Remember the KamalHasssan starring Movie "Indian" in Tamil, or "Hindustani" in Hindi??

The story runs on two tracks. One is that of Chandra Bose alias Chandru (Kamal Haasan), a small-time broker outside the RTO (Regional Transport Office) who gets people to high positions by accepting bribes. He is supported in this work by Subbiah (Goundamani). Paneerselvam (Senthil) plays an officer in the RTO who has conflicts with Subbiah. Aishwarya (Manisha Koirala) and Chandru are in love with each other. Sapna (Urmila Matondkar) is the daughter of Gandhikrishna, an officer in RTO. Her father promises to get Chandru a job of being a brake inspector in the RTO, if he runs errands for them. He agrees to work for them, and soon he becomes a brake inspector.
The other track is of Senapathy alias Indian (Kamal Haasan), a 70-year-old man who kills top government officials (like Commissioners of Corporation etc.) in an extreme attempt to weed out corruption from Indian soil.
Thats about the EXTANT of corruption in the Regional Transport (Authority) Offices in the Indian Soil.

Now for the news....
After axing the Planning Commission of India, it seems that the Narendra Modi government will soon scrap the Regional Transport Offices (RTO) and replace them with an alternative system in the coming months. 
Union Minister of road transport and highways Nitin Gadkari while delivering the JS Karandikar memorial lecture in Pune said that the central government was in the process of bringing in a law to scrap the outdated Regional Transport Offices (RTO). He said, "There are some outdated laws and systems which need to be scrapped. Systems like RTOs will soon be abolished; there is no need for RTOs. We have prepared a law which will be introduced soon to replace RTOs." 
At RTOs, corruption has become a way of life Corruption has become an everyday phenomenon in RTOs and this has led to the word 'bribe' being replaced with ‘service charge,' and further encouraging the back-door policies. 
The future plan - alternative for RTOs Revealing more about the future plan of scrapping RTOs, Gadkari said that a new system will be employed with the help of the traffic models in the UK and other countries to nab the traffic violators. 
Not only the RTO offices even the RTO officials create a lot of problems for the public. In January a non -government organization (NGO) based in Thane had alleged that at the border check posts, the number of heavy carriage vehicles are underreported which in turn caused multi-crore losses to the state exchequer. 
Unless the middlemen (the agents) are eliminated and more people are appointed, corruption cannot be weeded out from these RTOs. Thus, it seems this plan to scrap these Regional Transport Offices will be in country's favour. 
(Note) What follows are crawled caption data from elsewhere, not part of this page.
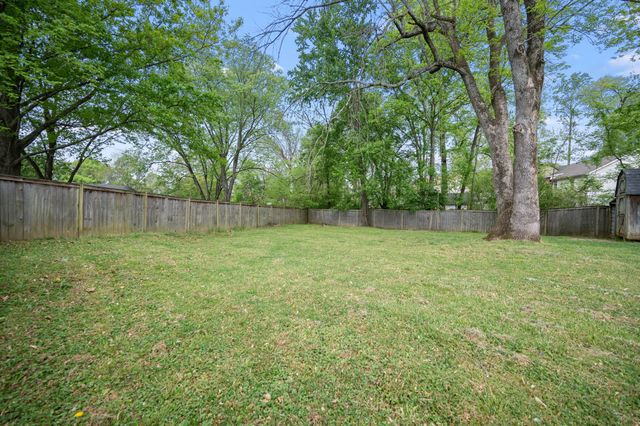 303 Sunrise Cir, Mount Juliet, TN 37122
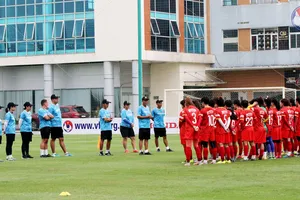 HLV Mai Đức Chung phổ biến nội dung trước buổi tập chiều 22-7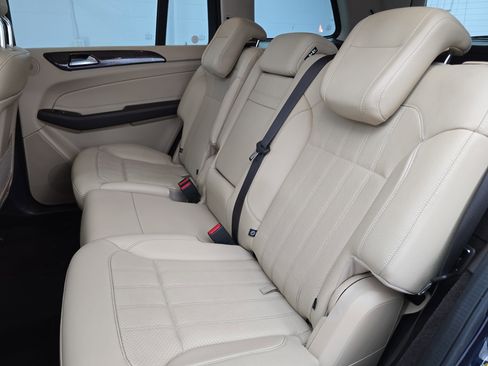 Used 2019 Mercedes-Benz GLS 450 4MATIC image 15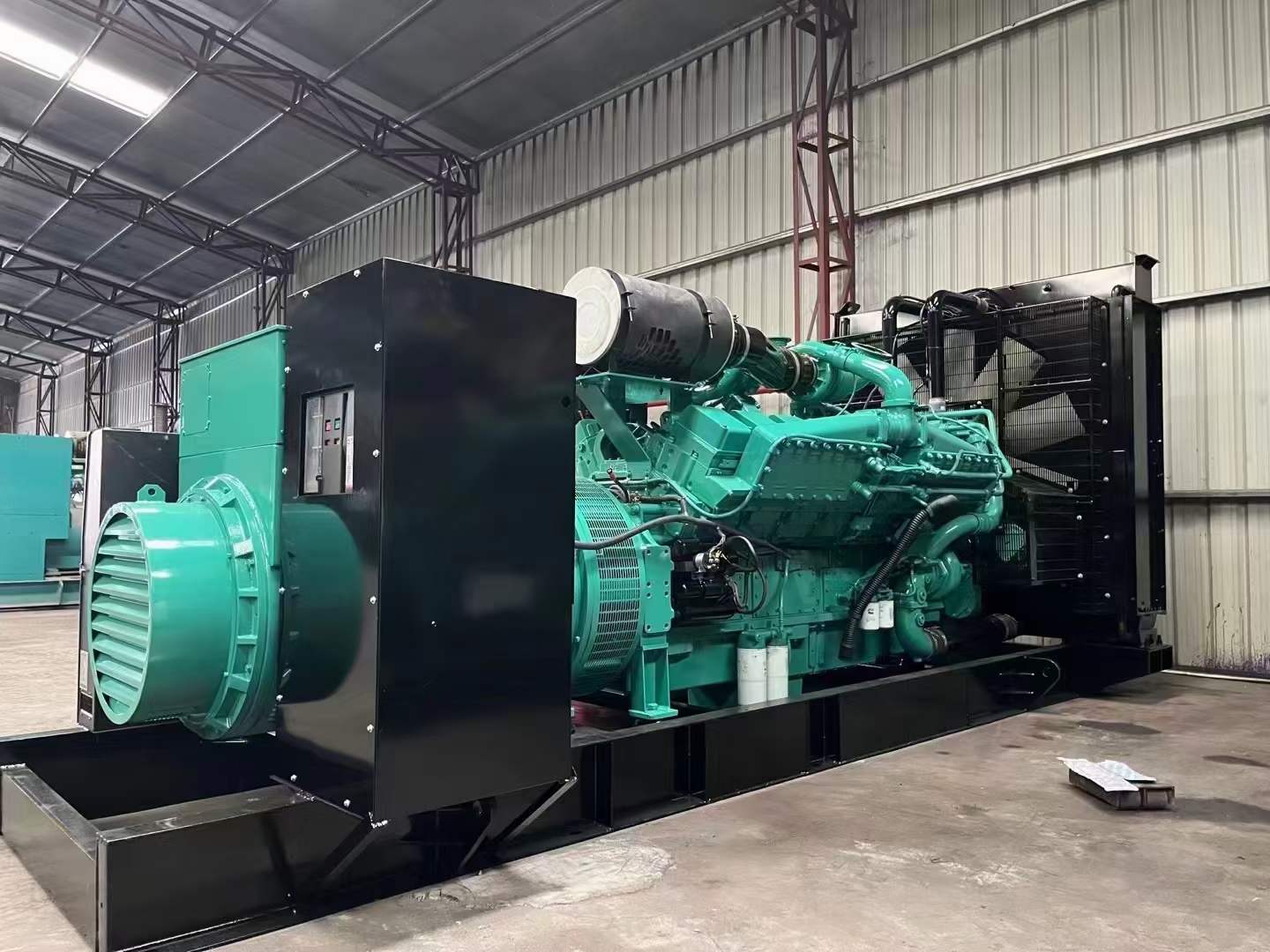 石林如何降低 800kW 柴油发电机输出电流的波动？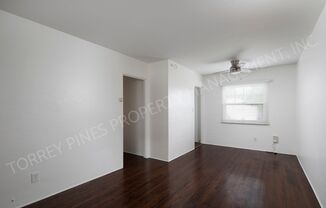 Cute 1BR Bungalow in a Great Pacific Beach Location!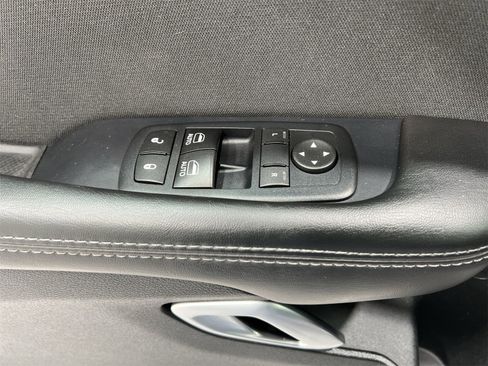 Used 2017 Dodge Challenger SXT w/ Blacktop Package image 13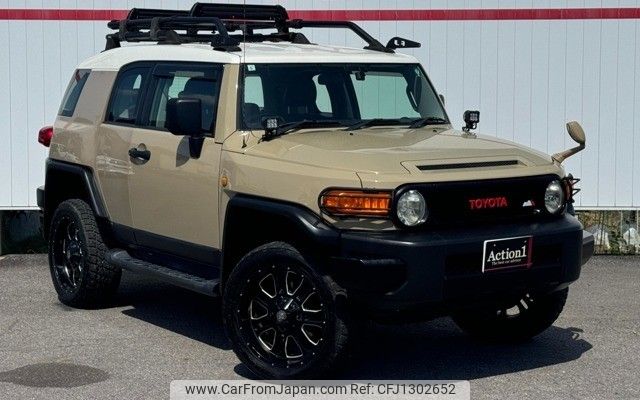 toyota fj-cruiser 2011 115 image 2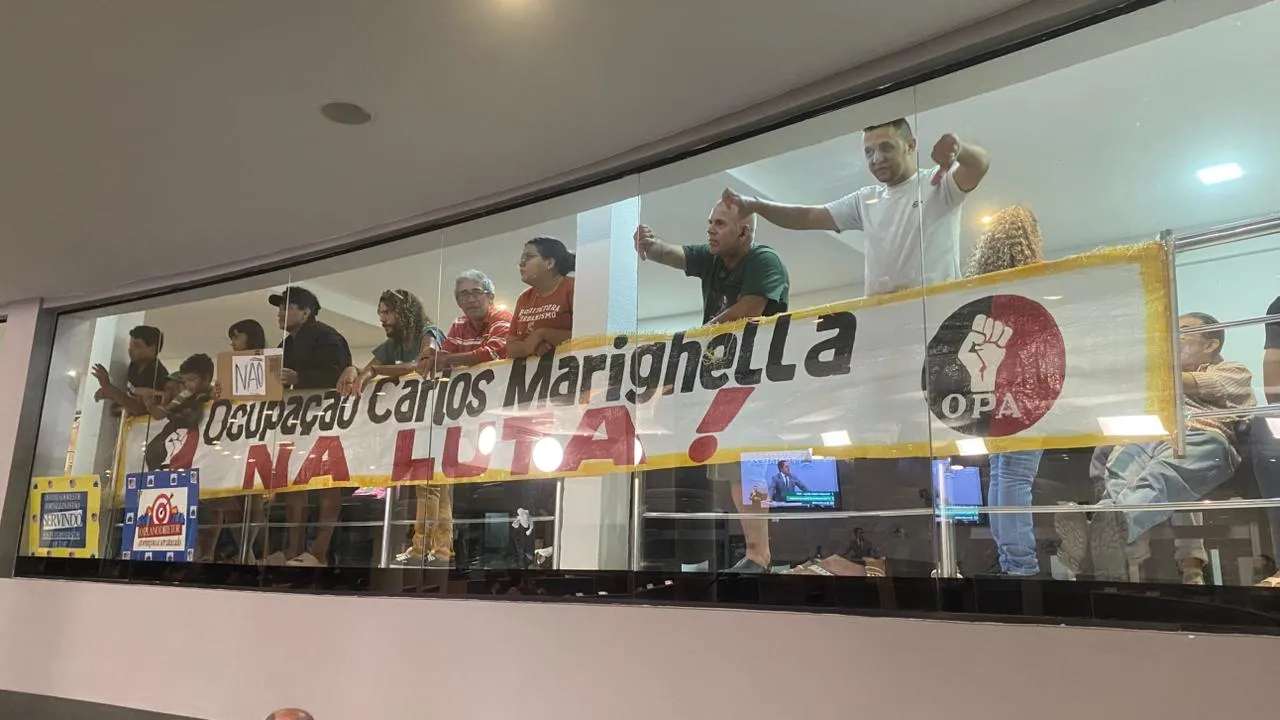 Enquanto a sessão ocorria, manifestantes ocupavam as galerias do Plenário Fausto Arruda.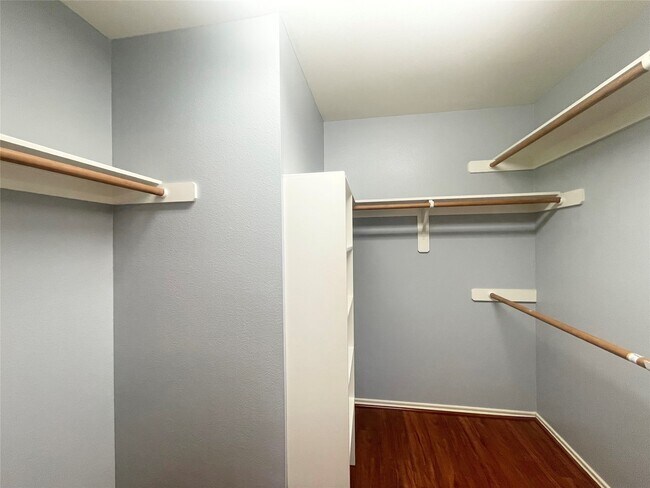 Building Photo - 16854 Carrollton Creek Ln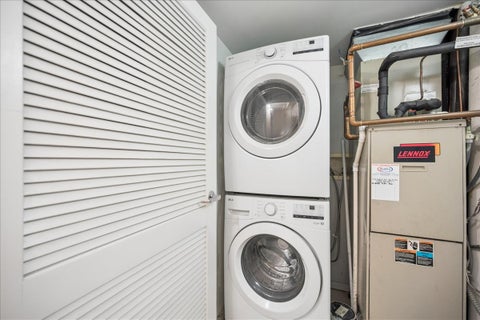 Tiny photo for 1580 SHERMAN Avenue #PH08, Evanston, IL 60201 (MLS # 12755385)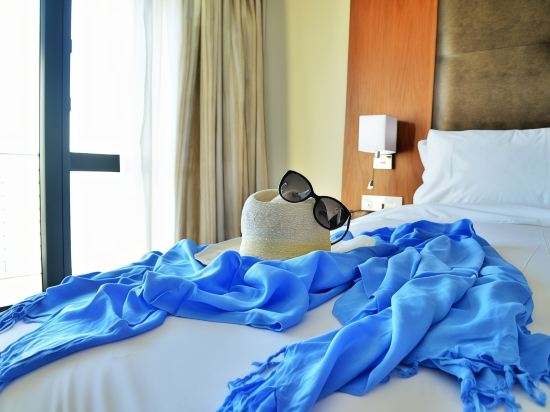 Фото Blaauwberg Beach Hotel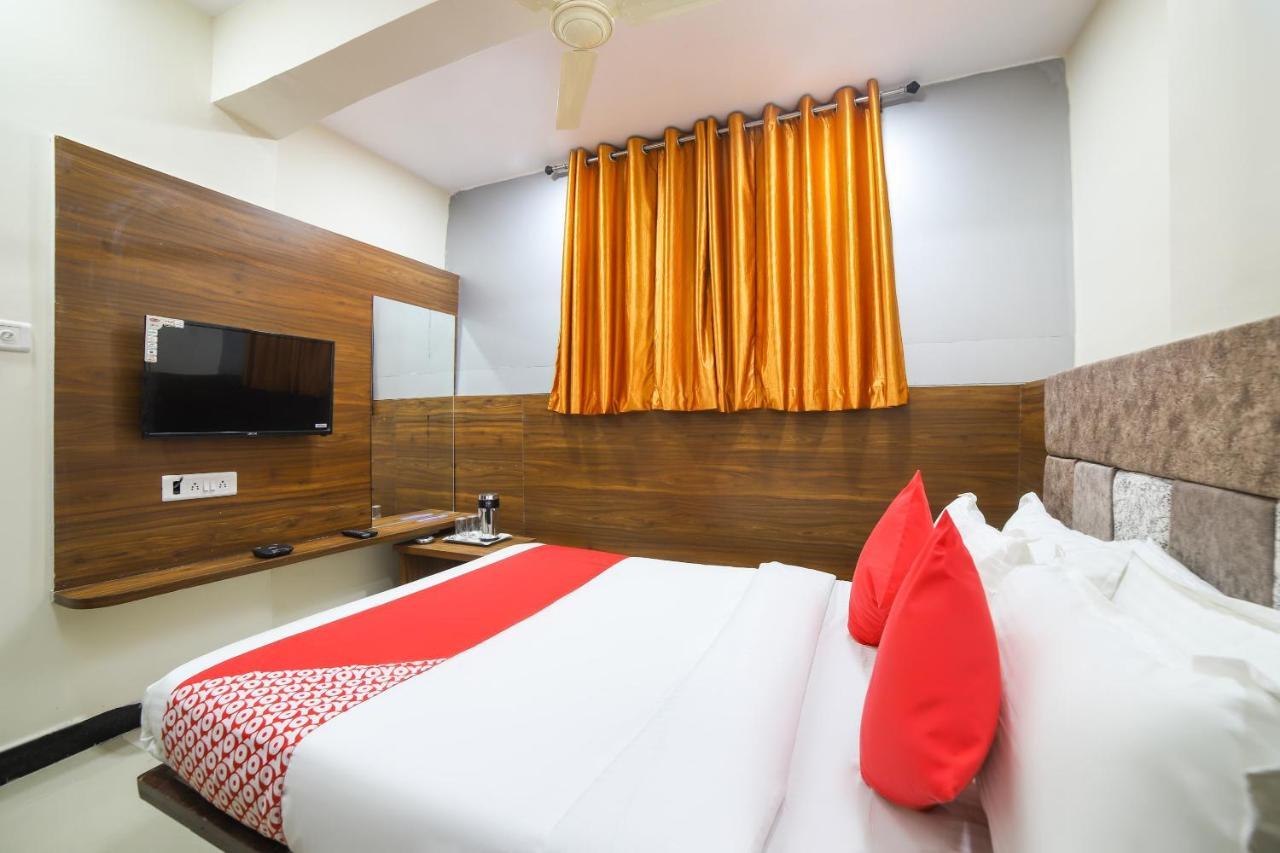 Oyo 67345 Hotel Anjani Inn Naroda Exterior photo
The Association of RTO Agents, a body with 300 members who offer their services to Mumbaikars inside and outside the Mumbai RTO office in Tardeo, has decided to protest if such a move comes into being.

Ilyas, the head of the RTO Association, said, "We serve Mumbaikars charging a nominal sum. We make sure people get relevant documents on time. If the Central government is planning to scrap RTOs, where will we go and what will happen to our business and our families? We will definitely protest against this decision, if it gets implemented."

Agents in Mumbai countered Gadkari's argument of outdated computerisation, saying it is nothing but a strategy to make money for RTO officials. 

At the Tardeo RTO office, Ramesh Patel has been running pillar to post to renew his licence. "For the last two months, I have been trying to renew my driving licence. You can see this receipt given to me two months back. But till today, no RTO official is willing to give me the renewed licence or even not ready to give me a new date. I wasted my entire day today, but no one has an answer."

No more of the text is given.